The seating capacity has been increased from 24 000 to over 40 000, and the stadium will be now able to cater to cater to both soccer and rugby matches, as well as community gatherings and music concerts.
“When the soccer spectacle has come and gone, there must be something of value that is there for all to see and point at,” Johannesburg council chairperson Nandi Mayathula-Khoza said this week.
The surrounding communities have benefited from the upgrades too, with well-lit footways from Orlando and Mlamlankunzi stations improving safety and security for commuters and over 2 200 jobs were created with skills in carpentry, bricklaying, plastering and painting being transferred.
The Johannesburg municipality hopes that Orlando Stadium will in the future represent a change in Soweto’s skyline that will be seen as a reference point for all tourists and soccer lovers.
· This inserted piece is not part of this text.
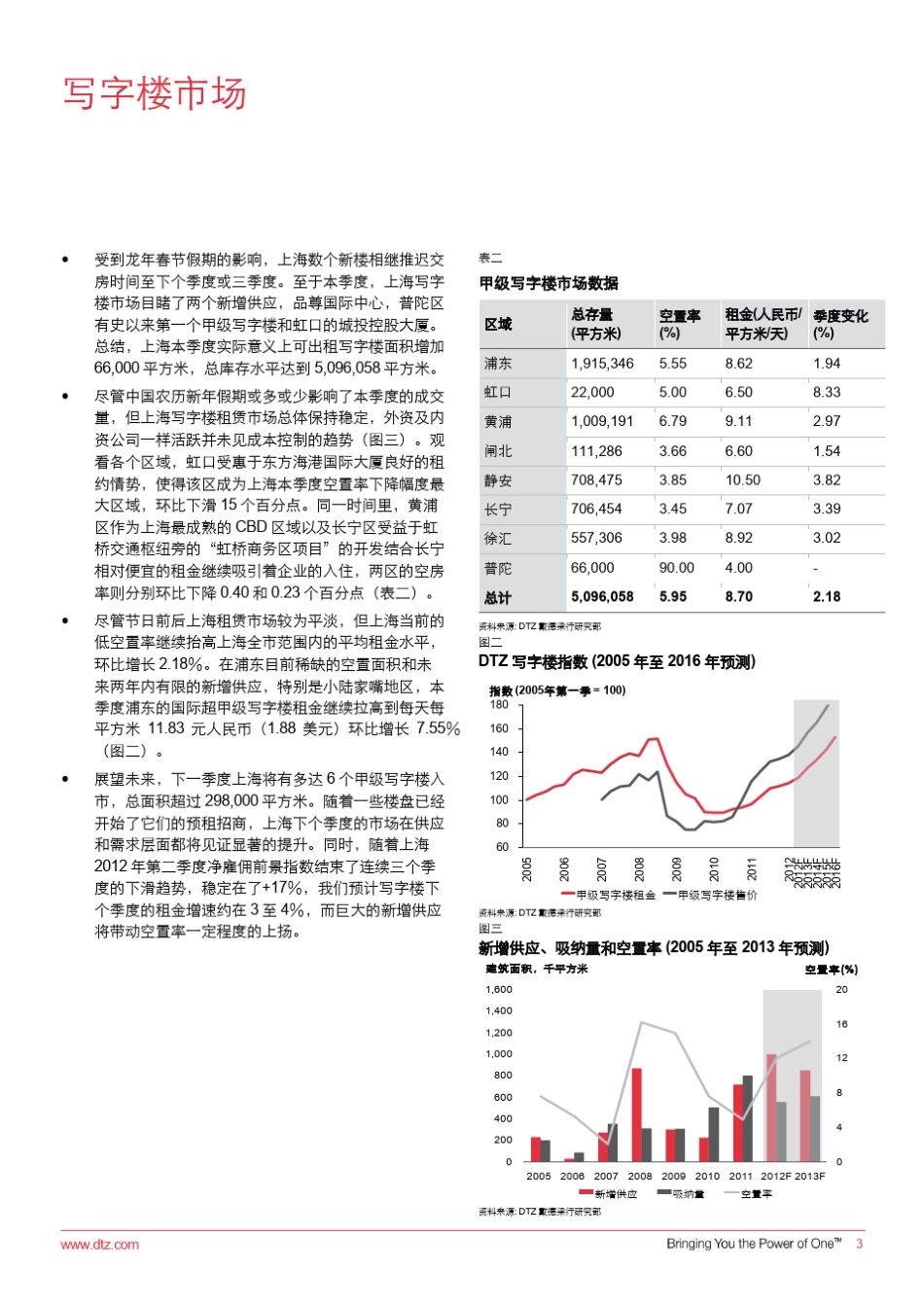 2012年第一季度上海写字楼市场分析_第3页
The new stadium gets its first taste of football action on Saturday, when home team Orlando Pirates play Thanda Royal Zulu in a Premier Soccer League match. This will be followed by Moroka Swallows versus Platinum Stars on Sunday, and locals Kaiser Chiefs against Golden Arrows on 26 November.
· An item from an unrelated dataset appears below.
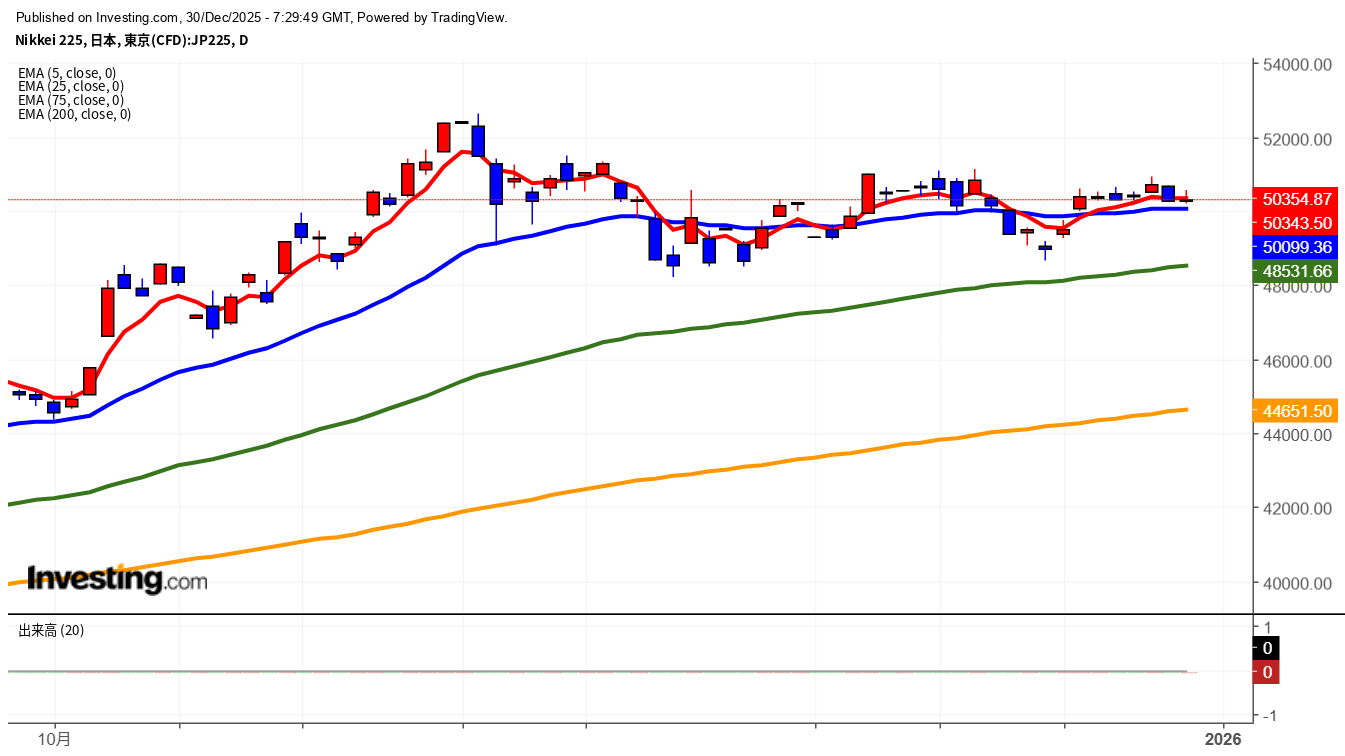 2025年12月30日日経平均画像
Executive director of the city’s 2010 unit, Sibongile Mazibuko, told reporters that they had been working with the South African Police Service, the Johannesburg Metropolitan Police Department and the city’s disaster management unit to ensure that the weekends PSL games were safe, manageable and enjoyable to all.
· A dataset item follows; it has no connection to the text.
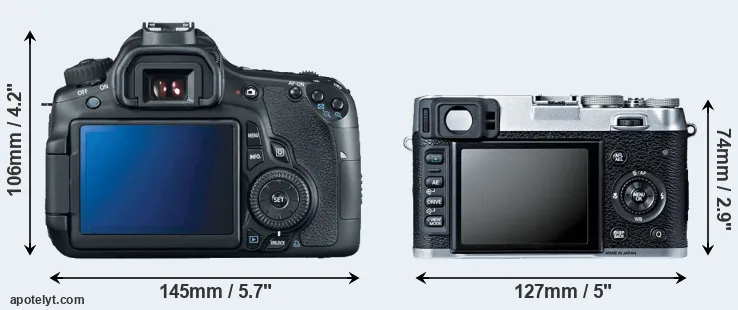 Comparison 60D or X100S rear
“We will not be filling the stadium to its capacity of 40 000, but will only be allowing about 30 000 spectators due to the fact that this will be the first test for the stadium,” said Mazibuko.
Responding to questions on the role and management of the stadium post-2010, Mayathula-Khoza explained that a public tender had been put out for a company to manage the stadium independently after the tournament.